Bailey, the newly elected state representative in the 109th District, joins a growing chorus of critics now publicly voicing their displeasure with the plan. After a detailed analysis, government watchdog website Wirepoints recently blasted it as a deceitful plan intended to trick overburdened taxpayers out of even more of their hard-earned money.
While supporters have heralded the plan as one that will help the state overcome its financial struggles by reducing property taxes, addressing pension debt and generating additional funding for various programs, Wirepoints reported that the data indicates otherwise. As part of its analysis, Wirepoints pegs the state’s “true hole” as high as $19 billion, or more than six times higher than the $3.2 billion debt estimate offered up as fact by Pritzker and his supporters.

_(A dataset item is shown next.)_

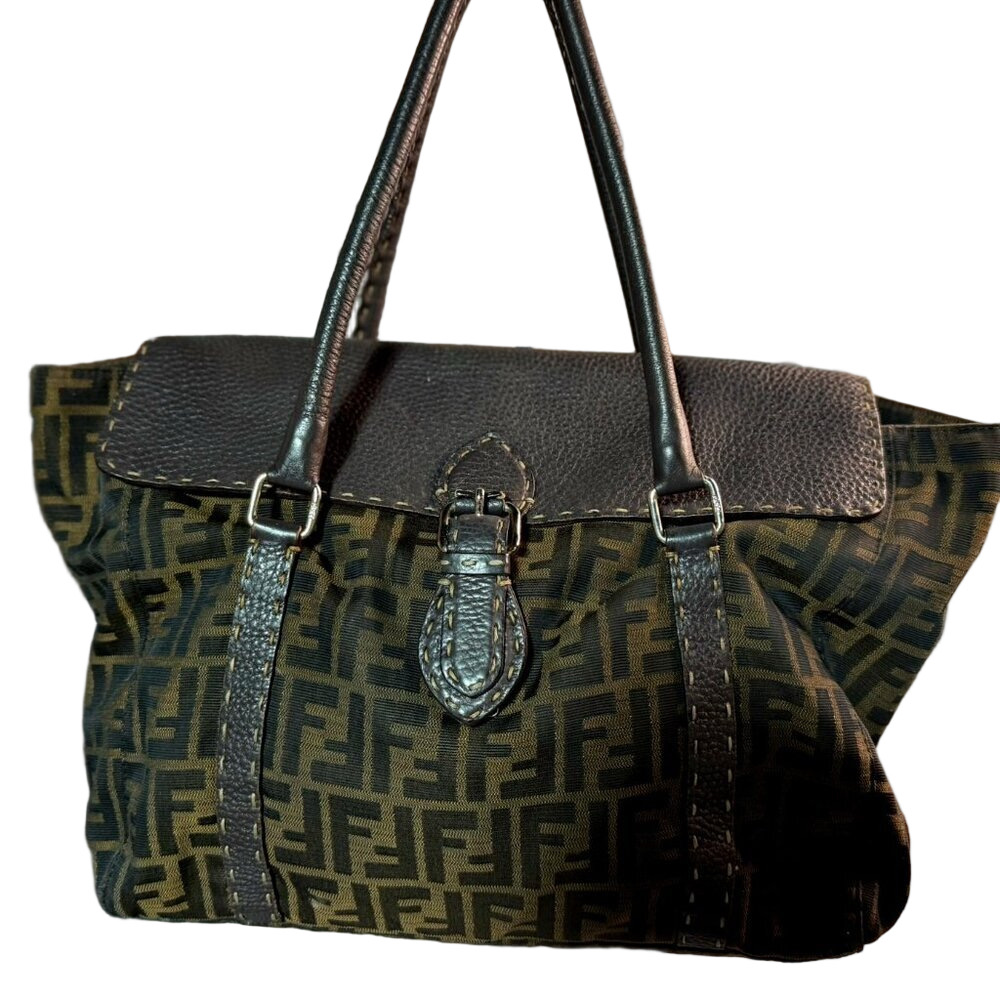 *Authentic* Fendi LINDA Tote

“The new revenue would barely dent our problems and only further enrage the Illinoisans who are already fed up and ready to leave,” the group posted online.
Through it all, Bailey said he thinks it is imperative that Republicans stick together in honoring their vow to protect taxpayers and not have a repeat of 2017 when roughly one-third of the GOP caucus crossed over to support the largest tax hike in state history.
"Í believe we will [stick together], and if we don’t there will be serious trouble” Bailey said. “I for one will be there to demand it. Beyond that, I think people have wised up. I think they were made promises back then and sold a bill of goods. The caucus was weak back then and now I think we have more backbone."
Still, given the importance of the moment and the state’s recent history. Bailey said he will be keeping a watchful eye.
“The votes will tell,” he said. “We’ve certainly talked about it, but I was a bit disappointed to see some Republicans cross over to vote in favor of a $40,000 minimum teacher salary deal. But to go as far as signing on with this graduated tax will not be tolerated by this caucus.”